*WHAT IS EXPECTED*: Output only the lines from the line holding "(2) Chinese Powder" through the close of the records, exactly as they appear, with all pictures omitted.

*WORKING DATA*:
>>>

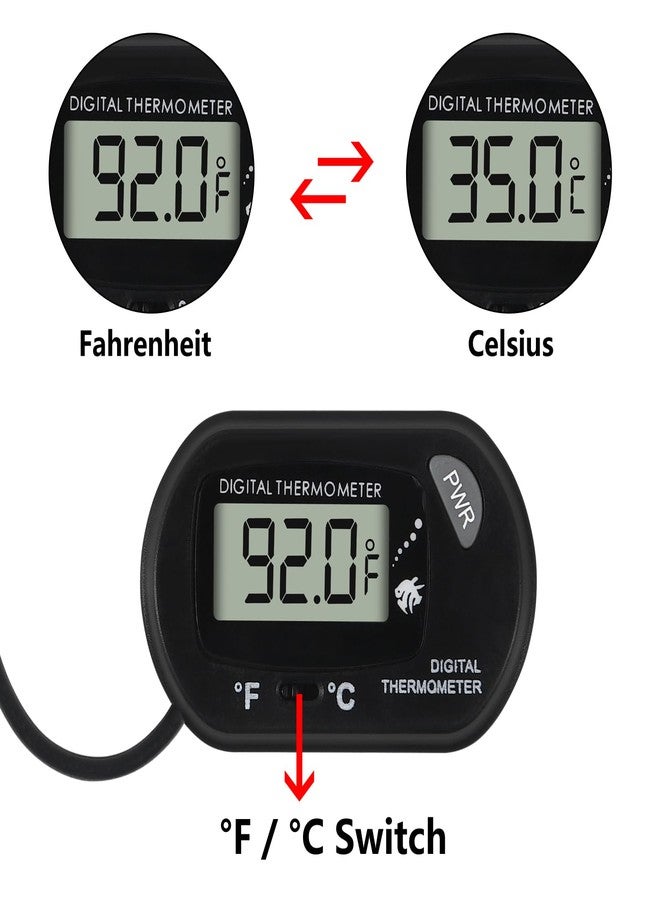 DORHEA 20Pcs Aquarium Thermometer Fish Tank Thermometer Reptile Fahrenheit Terrarium Water Temperature Indicator Test Digital with LCD Display Fahrenheit/Celsius - Image 4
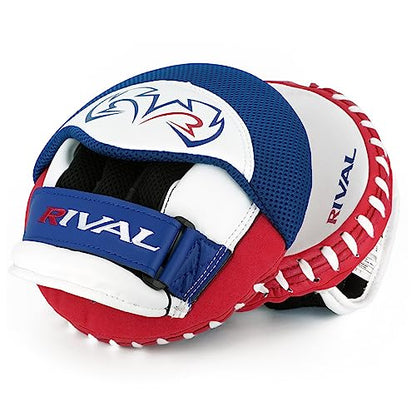 RIVAL Boxing RPM5 2.0 Parabolic Punch Mitts - Perfect for Precision and Combination Punching, 7" Diameter Striking Surface - color: Red/White/Blue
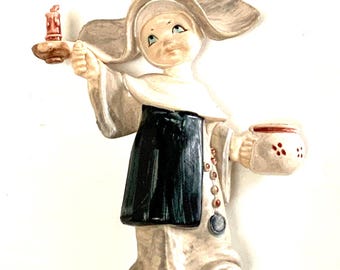 VINTAGE Depose Fontanini Italy Nun - Spider Mark Italian Simonetti  Italy Depose Nun In Habit Figurine Holding Candle #832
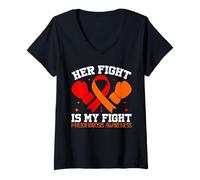 Femme Sensibilisation à la myélofibrose Son Combat est Mon Combat T-Shirt avec Col en V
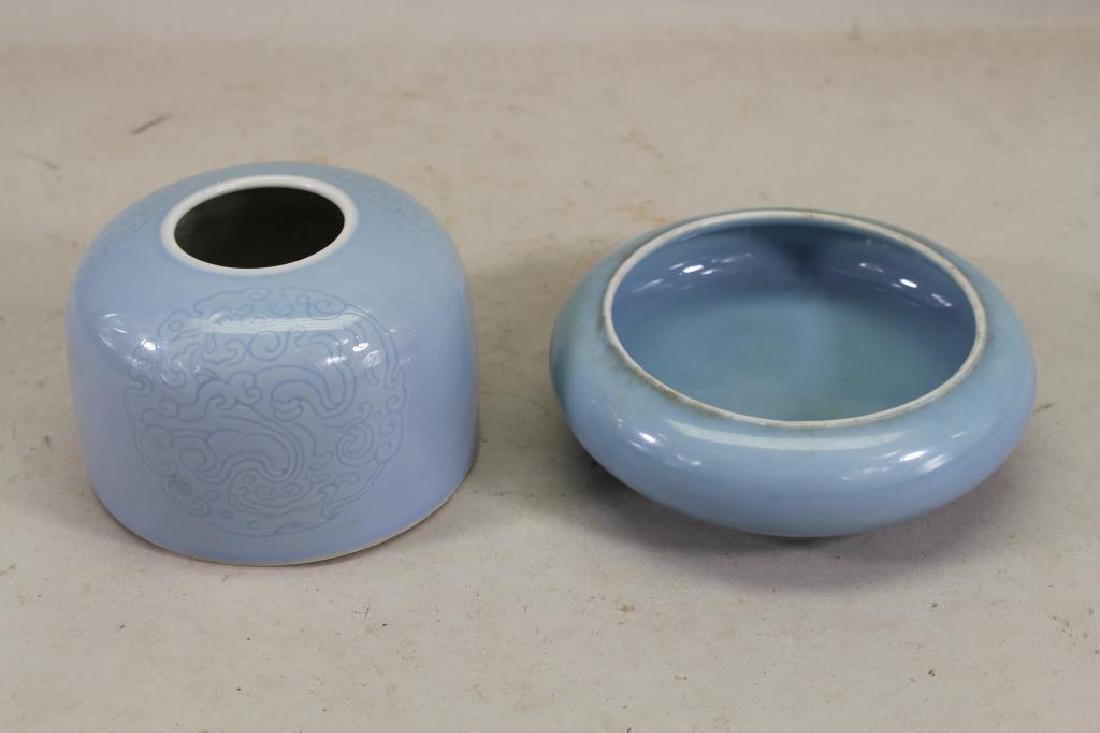(2) Chinese Powder Blue Inkwell, Signed (1 of 4)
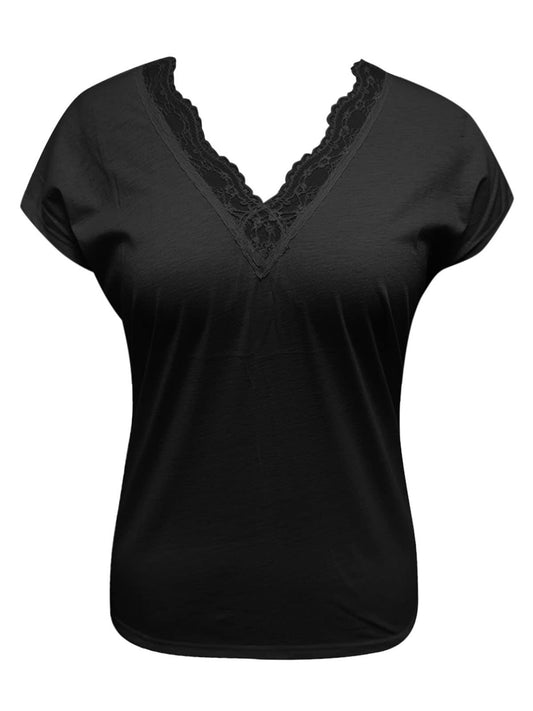 Lace Detail V-Neck Short Sleeve Blouse - All Sizes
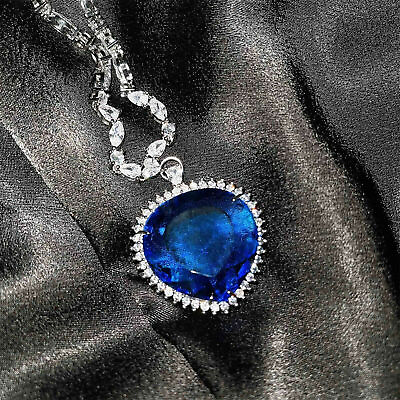 Blue TITANIC Heart of the Ocean Romantic Crystal Pendant Necklace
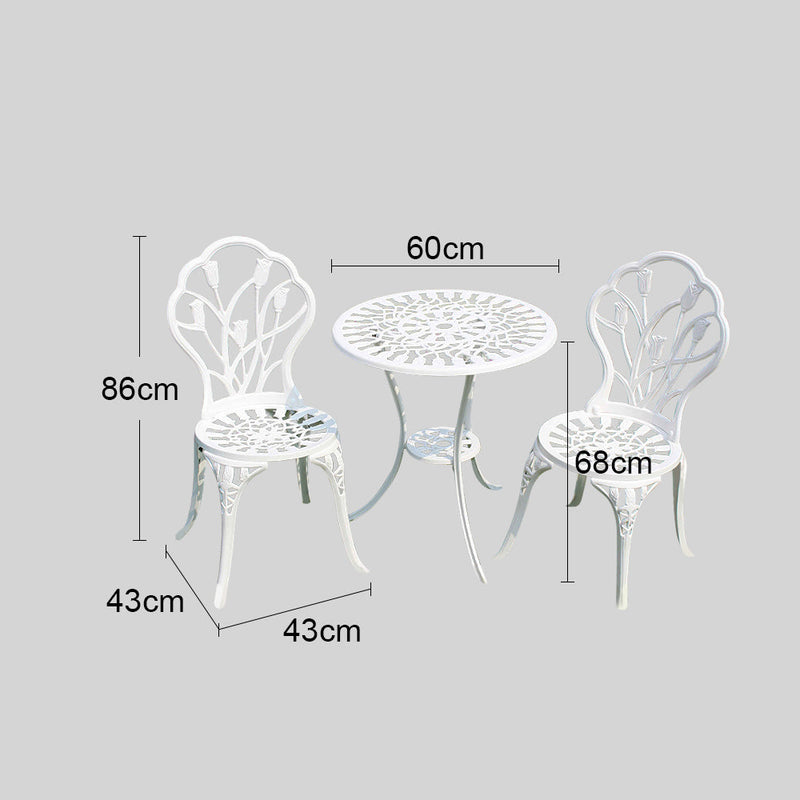 MASON TAYLOR Cast Aluminium Garden Table&Chair Set Outdoor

<<<

*TASK RESULT*:
(2) Chinese Powder Blue Inkwell, Signed (1 of 4)
 Lace Detail V-Neck Short Sleeve Blouse - All Sizes
 Blue TITANIC Heart of the Ocean Romantic Crystal Pendant Necklace
 MASON TAYLOR Cast Aluminium Garden Table&Chair Set Outdoor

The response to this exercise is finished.